What is being asked
Starting at the line that contains "Paperback Meeting Difficulties", transcribe each line through the end of the material below, exactly and nothing else, leaving out the pictures.

Input data

»»

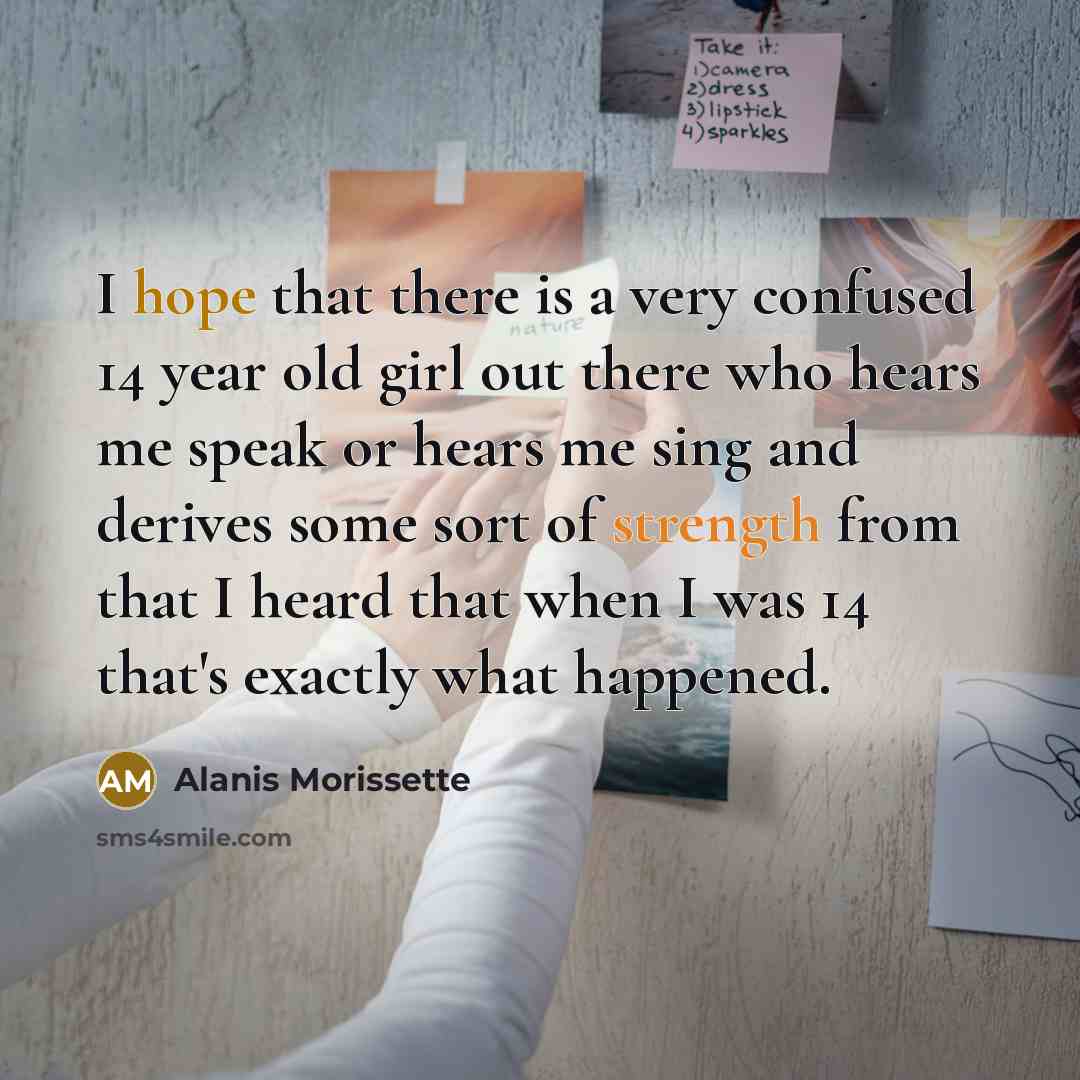 “I hope that there is a very confused 14 year…” quote by Alanis Morissette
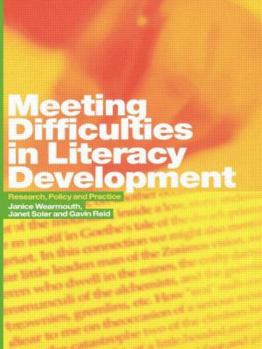 Paperback Meeting Difficulties in Literacy Development: Research, Policy and Practice Book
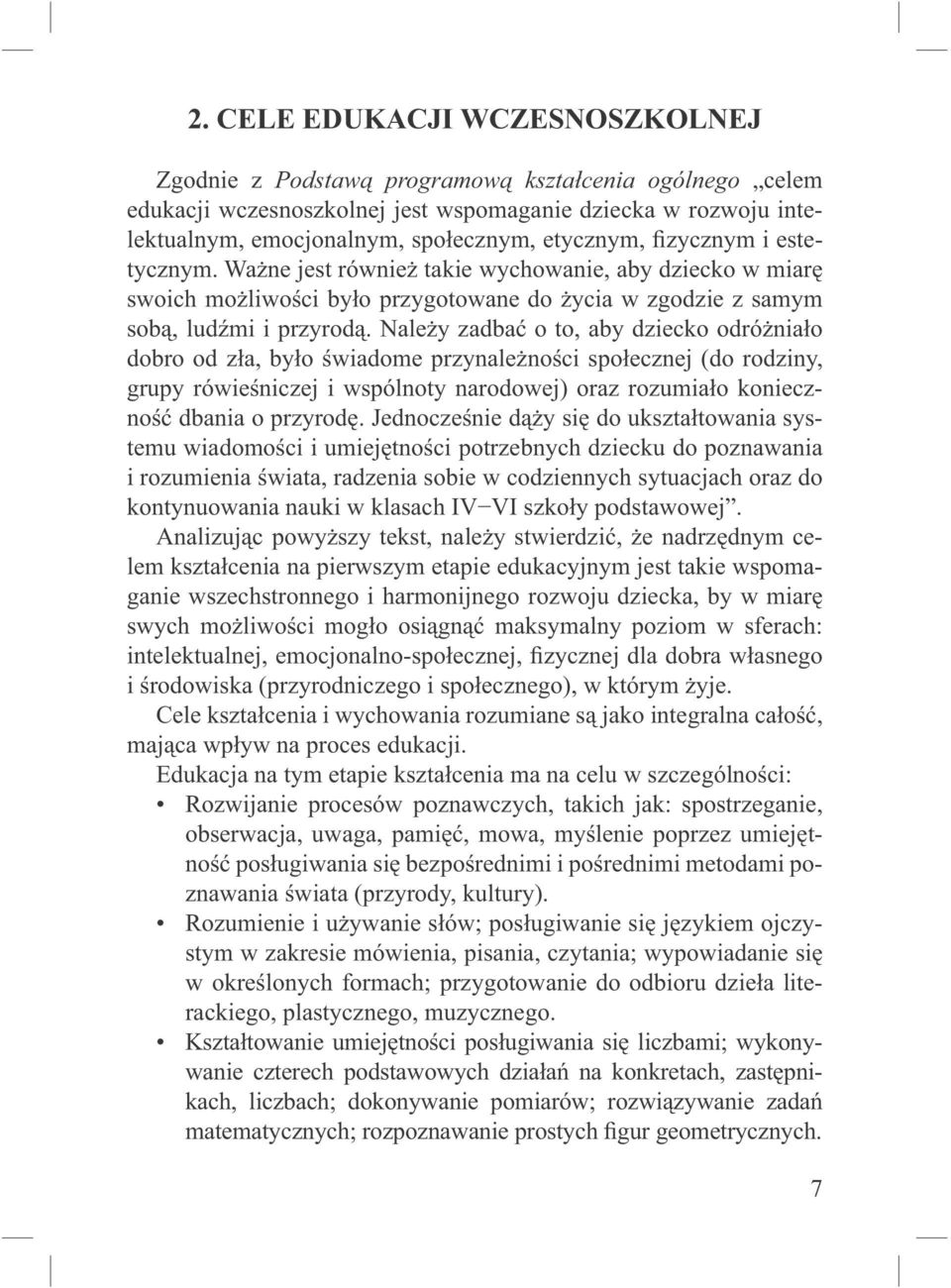 Należy zadbać o to, aby dziecko odróżniało dobro od zła, było świadome przynależności społecznej (do rodziny, grupy rówieśniczej i wspólnoty narodowej) oraz rozumiało konieczność dbania o przyrodę.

««

Finished exercise
 Paperback Meeting Difficulties in Literacy Development: Research, Policy and Practice Book
 Należy zadbać o to, aby dziecko odróżniało dobro od zła, było świadome przynależności społecznej (do rodziny, grupy rówieśniczej i wspólnoty narodowej) oraz rozumiało konieczność dbania o przyrodę.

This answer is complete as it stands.